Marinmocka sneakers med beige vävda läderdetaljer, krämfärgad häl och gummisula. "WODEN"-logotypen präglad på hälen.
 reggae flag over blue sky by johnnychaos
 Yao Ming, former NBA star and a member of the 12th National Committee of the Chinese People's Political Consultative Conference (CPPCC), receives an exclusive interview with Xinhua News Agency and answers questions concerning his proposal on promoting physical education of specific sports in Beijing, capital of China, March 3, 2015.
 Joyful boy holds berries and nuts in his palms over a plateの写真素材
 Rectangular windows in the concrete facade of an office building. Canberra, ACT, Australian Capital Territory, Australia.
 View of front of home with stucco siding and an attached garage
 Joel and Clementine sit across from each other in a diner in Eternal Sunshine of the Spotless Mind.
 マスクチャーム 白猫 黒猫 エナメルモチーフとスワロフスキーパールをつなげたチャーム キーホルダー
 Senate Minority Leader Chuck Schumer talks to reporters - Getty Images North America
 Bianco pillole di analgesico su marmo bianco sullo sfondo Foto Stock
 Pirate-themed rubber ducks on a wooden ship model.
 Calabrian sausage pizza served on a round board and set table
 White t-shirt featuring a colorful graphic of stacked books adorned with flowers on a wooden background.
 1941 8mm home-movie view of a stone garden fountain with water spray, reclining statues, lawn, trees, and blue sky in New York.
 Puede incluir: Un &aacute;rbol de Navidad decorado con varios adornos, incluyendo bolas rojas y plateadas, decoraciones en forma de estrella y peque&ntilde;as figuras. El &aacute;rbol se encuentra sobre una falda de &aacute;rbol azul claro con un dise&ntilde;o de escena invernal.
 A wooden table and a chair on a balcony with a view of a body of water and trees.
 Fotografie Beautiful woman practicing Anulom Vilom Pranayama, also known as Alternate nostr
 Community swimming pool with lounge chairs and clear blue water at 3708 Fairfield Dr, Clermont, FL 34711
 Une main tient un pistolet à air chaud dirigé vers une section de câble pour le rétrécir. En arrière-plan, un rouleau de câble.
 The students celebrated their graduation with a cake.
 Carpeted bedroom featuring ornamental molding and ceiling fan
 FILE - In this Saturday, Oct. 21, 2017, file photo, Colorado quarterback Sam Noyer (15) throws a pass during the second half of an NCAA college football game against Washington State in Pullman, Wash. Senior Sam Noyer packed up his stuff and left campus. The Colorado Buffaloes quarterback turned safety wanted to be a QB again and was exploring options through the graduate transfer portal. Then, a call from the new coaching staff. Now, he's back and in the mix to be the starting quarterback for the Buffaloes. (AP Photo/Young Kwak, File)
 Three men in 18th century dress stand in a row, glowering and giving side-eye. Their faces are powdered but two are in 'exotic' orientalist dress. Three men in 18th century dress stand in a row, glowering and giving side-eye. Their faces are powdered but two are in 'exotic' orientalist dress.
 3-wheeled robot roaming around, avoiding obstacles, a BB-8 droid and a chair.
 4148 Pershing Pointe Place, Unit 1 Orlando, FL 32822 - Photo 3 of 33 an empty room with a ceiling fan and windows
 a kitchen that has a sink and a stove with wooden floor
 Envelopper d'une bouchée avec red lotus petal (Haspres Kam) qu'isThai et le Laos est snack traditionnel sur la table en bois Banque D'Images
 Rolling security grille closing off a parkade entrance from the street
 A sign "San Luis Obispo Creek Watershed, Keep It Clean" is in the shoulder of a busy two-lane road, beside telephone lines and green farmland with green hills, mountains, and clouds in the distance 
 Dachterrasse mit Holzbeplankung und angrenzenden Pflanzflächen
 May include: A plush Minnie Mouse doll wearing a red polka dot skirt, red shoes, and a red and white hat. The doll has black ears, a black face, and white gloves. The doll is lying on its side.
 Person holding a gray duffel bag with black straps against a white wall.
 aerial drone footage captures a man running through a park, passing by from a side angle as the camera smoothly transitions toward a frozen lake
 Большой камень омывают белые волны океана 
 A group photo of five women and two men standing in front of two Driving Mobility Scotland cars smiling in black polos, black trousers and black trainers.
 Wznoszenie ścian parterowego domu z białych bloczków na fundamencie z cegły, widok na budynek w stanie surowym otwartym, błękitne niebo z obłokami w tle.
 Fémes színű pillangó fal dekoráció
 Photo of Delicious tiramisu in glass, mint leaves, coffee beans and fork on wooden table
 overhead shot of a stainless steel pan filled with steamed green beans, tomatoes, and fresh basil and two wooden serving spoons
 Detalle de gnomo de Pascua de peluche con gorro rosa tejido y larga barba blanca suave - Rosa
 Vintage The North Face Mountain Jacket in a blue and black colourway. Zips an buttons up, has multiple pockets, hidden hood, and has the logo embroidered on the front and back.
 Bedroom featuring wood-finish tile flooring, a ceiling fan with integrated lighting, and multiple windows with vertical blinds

Problem to solve:
Reproduce exactly what appears from the line containing "Большой камень омывают белые волны океана" down to the final line of the data.

Exercise response:
 Большой камень омывают белые волны океана 
 A group photo of five women and two men standing in front of two Driving Mobility Scotland cars smiling in black polos, black trousers and black trainers.
 Wznoszenie ścian parterowego domu z białych bloczków na fundamencie z cegły, widok na budynek w stanie surowym otwartym, błękitne niebo z obłokami w tle.
 Fémes színű pillangó fal dekoráció
 Photo of Delicious tiramisu in glass, mint leaves, coffee beans and fork on wooden table
 overhead shot of a stainless steel pan filled with steamed green beans, tomatoes, and fresh basil and two wooden serving spoons
 Detalle de gnomo de Pascua de peluche con gorro rosa tejido y larga barba blanca suave - Rosa
 Vintage The North Face Mountain Jacket in a blue and black colourway. Zips an buttons up, has multiple pockets, hidden hood, and has the logo embroidered on the front and back.
 Bedroom featuring wood-finish tile flooring, a ceiling fan with integrated lighting, and multiple windows with vertical blinds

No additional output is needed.